How to complete this task:
Quote the entries below from the line with "Спирката на автобусите в село Вонеща вода" through the line with "Cận cảnh sạt", both ends included, and only those lines.

Provided records:
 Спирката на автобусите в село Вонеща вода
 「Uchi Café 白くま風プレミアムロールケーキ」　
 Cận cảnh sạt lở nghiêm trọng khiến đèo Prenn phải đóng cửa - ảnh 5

* * *

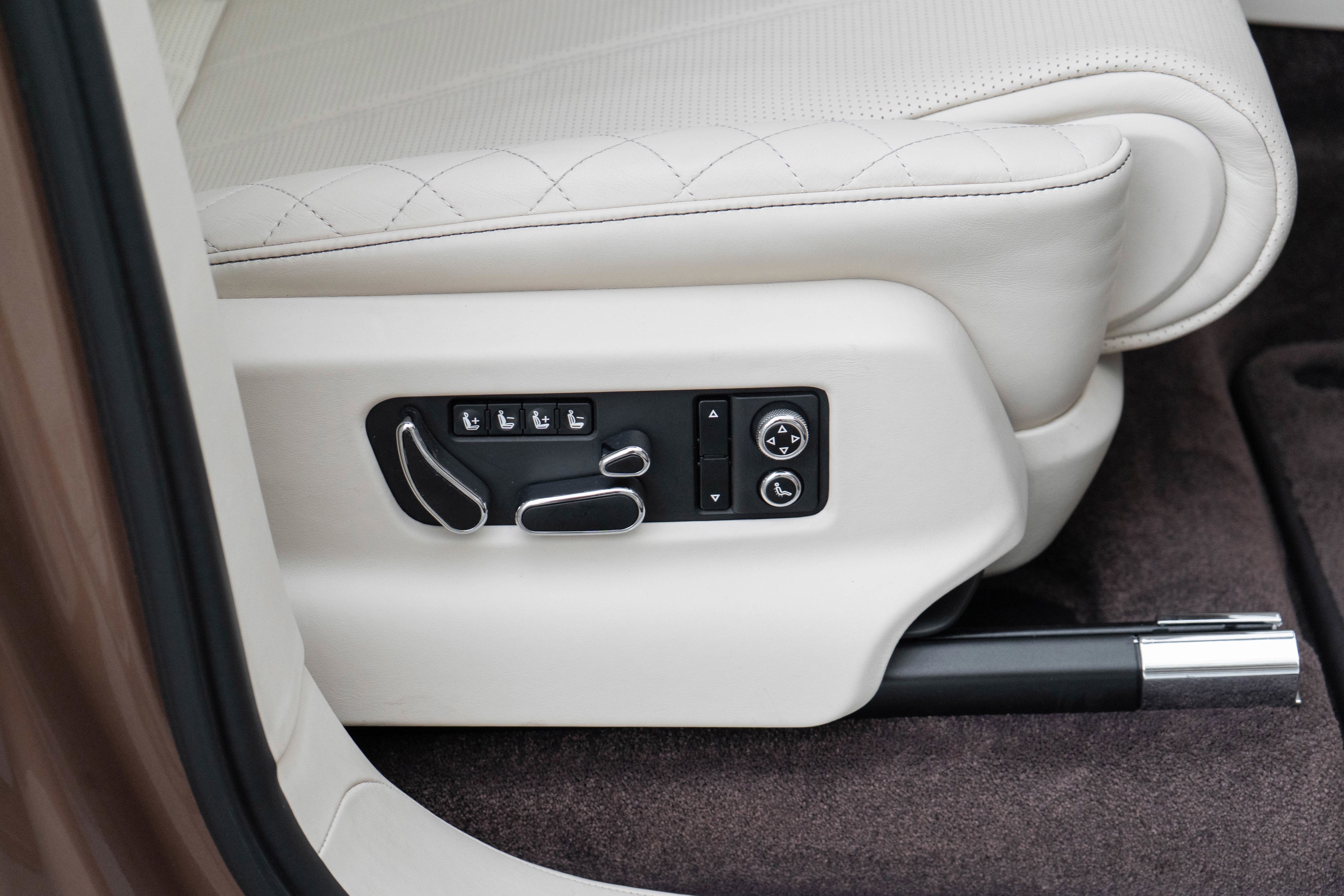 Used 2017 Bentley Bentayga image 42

--

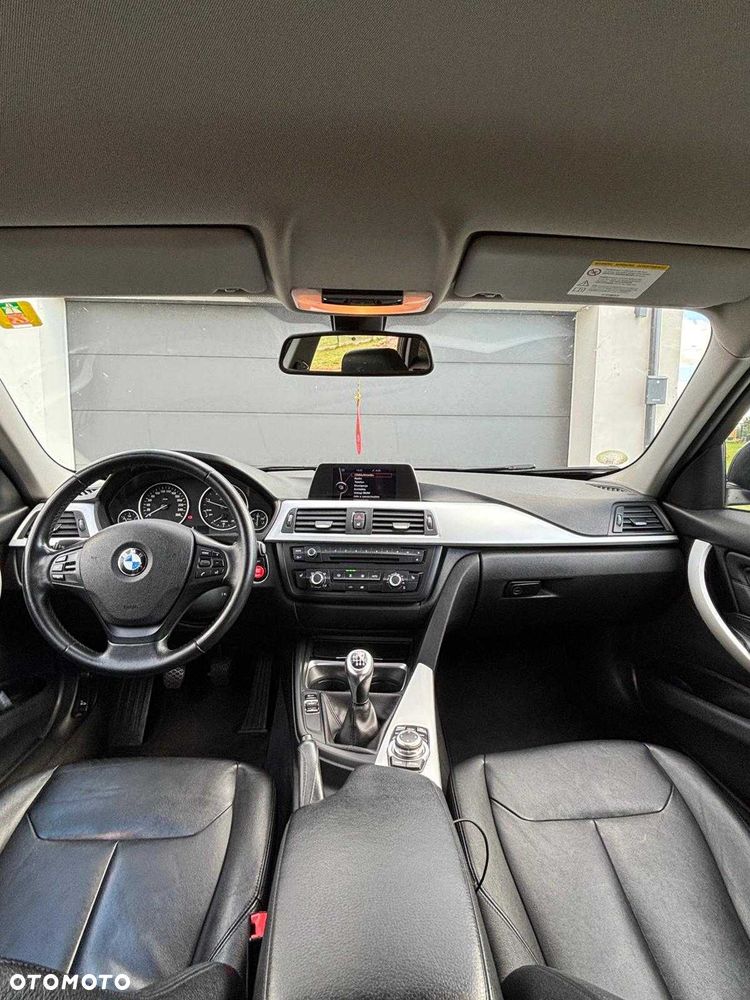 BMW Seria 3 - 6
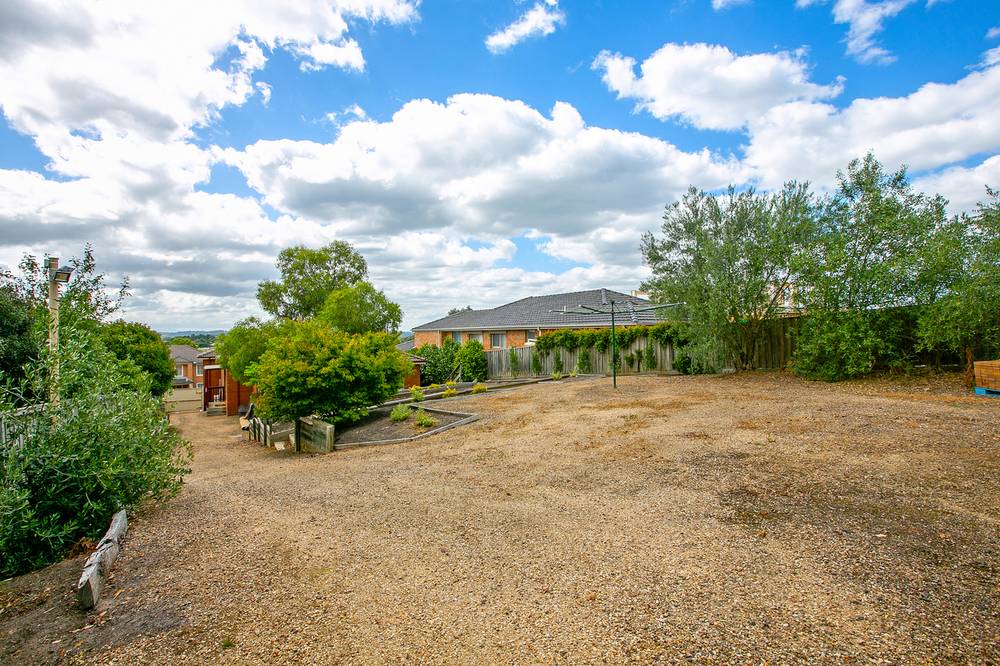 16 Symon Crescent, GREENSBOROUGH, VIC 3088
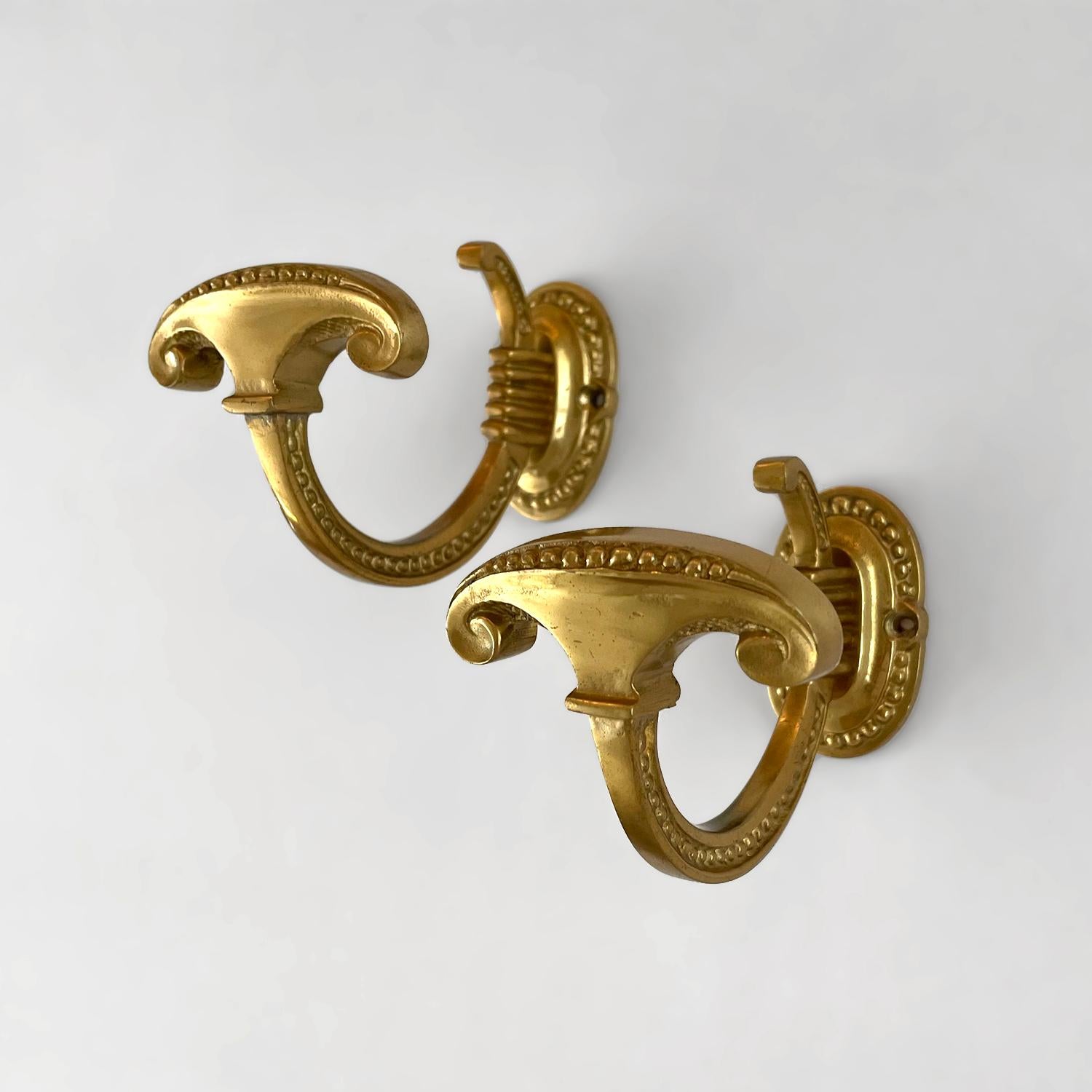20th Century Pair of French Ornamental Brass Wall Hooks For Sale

Output:
 Спирката на автобусите в село Вонеща вода
 「Uchi Café 白くま風プレミアムロールケーキ」　
 Cận cảnh sạt lở nghiêm trọng khiến đèo Prenn phải đóng cửa - ảnh 5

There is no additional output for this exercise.